Viral contig identification, dereplication and taxonomic classification

Following assembly, putative viral contigs were identified from contigs of all the three size fractions with length greater than 1.5 kb by using VirSorter (v1.0.6)47 and VirFinder (v1.1)48 as described by Gregory et al.24. First, contigs identified as ‘lytic/prophage categories 1 and 2′ and ‘circular’ by VirSorter were assigned as viral contigs. The rest contigs of length >5 kb were kept for further classification. Among them, those identified as ‘lytic/prophage categories 1,2′ by VirSorter, or as viruses by VirFinder with score >0.9 (p < 0.05) were assigned as viral contigs. Those identified as ‘lytic/prophage category 3′ by VirSorter and as viruses by VirFinder with score 0.7–0.9 (p < 0.05) were also assigned as viral contigs. Those identified as ‘lytic/prophage category 3’ by VirSorter but not as viruses by VirFinder with score >0.7 (p < 0.05), and those identified as viruses by VirFinder with score 0.7–0.9 (p < 0.05) but not as ‘lytic/prophage categories 1–3’ by VirSorter were further analyzed through CAT49 and only those having 40% genes classified as viruses were kept. In total, 97,003 viral contigs were identified. Redundancy of these contig sequences was removed by using CD-HIT at 99% identity (v4.6.8, −c 0.99 −aS 0.99)50. The resulting 78,502 non-redundant viral contigs were further grouped into 56,289 viral populations by using nucmer based on the criterion that virial contigs in the same population share 80% of their genes and have 95% average nucleotide identify as previously described51,52 (Fig. 1b). CheckV (v0.8.1) was used to determine the completeness and quality of the identified viral populations53 (Supplementary Table 3). We used VirSorter to identify prophages by the de novo predictions of categories 4 and 547.

Taxonomic classification of viral populations was performed with a complementary approach by using vConTACT254 and blastp55. First, the ORFs of each population were derived by using prodigal40. Second, the protein sequences of population contigs >10 kb were analyzed by using vConTACT2 with Viral RefSeq release 201 based on genome gene-sharing profiles.

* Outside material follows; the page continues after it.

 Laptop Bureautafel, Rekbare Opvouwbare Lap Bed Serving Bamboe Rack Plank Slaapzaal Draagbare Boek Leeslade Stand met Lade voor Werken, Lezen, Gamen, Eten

Then, family level taxonomy of the remaining population including those that could not be assigned by vConTACT2 were further defined by closest relative affiliation using blastp against the Viral RefSeq database with the following principle: identity ≥30%, bit-score ≥50, and E value ≤0.001. Only the population with more than half of proteins assigned to the same viral family was considered as a viral family (Supplementary Table 2).

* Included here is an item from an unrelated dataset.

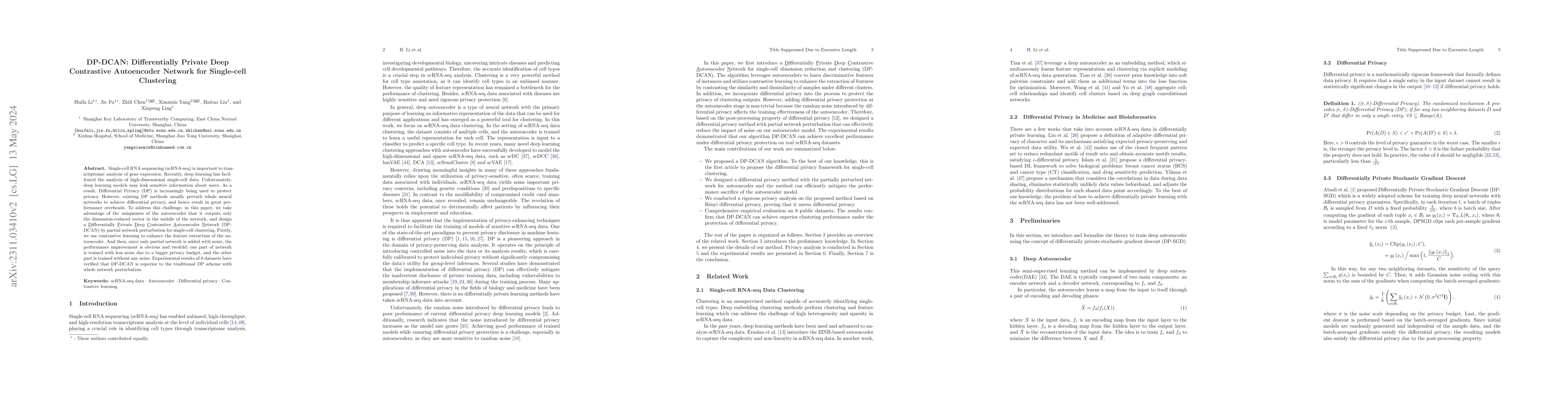Thumbnail for DP-DCAN: Differentially Private Deep Contrastive Autoencoder Network for
  Single-cell Clustering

Host prediction of viral sequences

In order to link viral contigs to their putative microbial hosts, CRISPR spacers in MAGs were identified by using CRISPRDetect (v2.5)56. Spacer sequences were then matched to viral contigs by using fuzznuc57. Host and virus infection networks were reconstructed in Cytoscape (v3.8.0)58.

Data Records

Raw reads generated in this study have been deposited in the National Center for Biotechnology Information BioProject database with the project ID PRJNA76304359. Contigs, MAGs, viral genomes and source data files including the genome trees and associated amino acid alignments have been deposited in the figshare website60. A full copy of this dataset is also available in the National Omics Data Encyclopedia (https://www.biosino.org/node/) with the project ID OEP00166261.

Technical Validation

Additional technical validation should be applied by researchers to confirm the accuracy of draft MAGs and VAGs used for specific downstream purposes.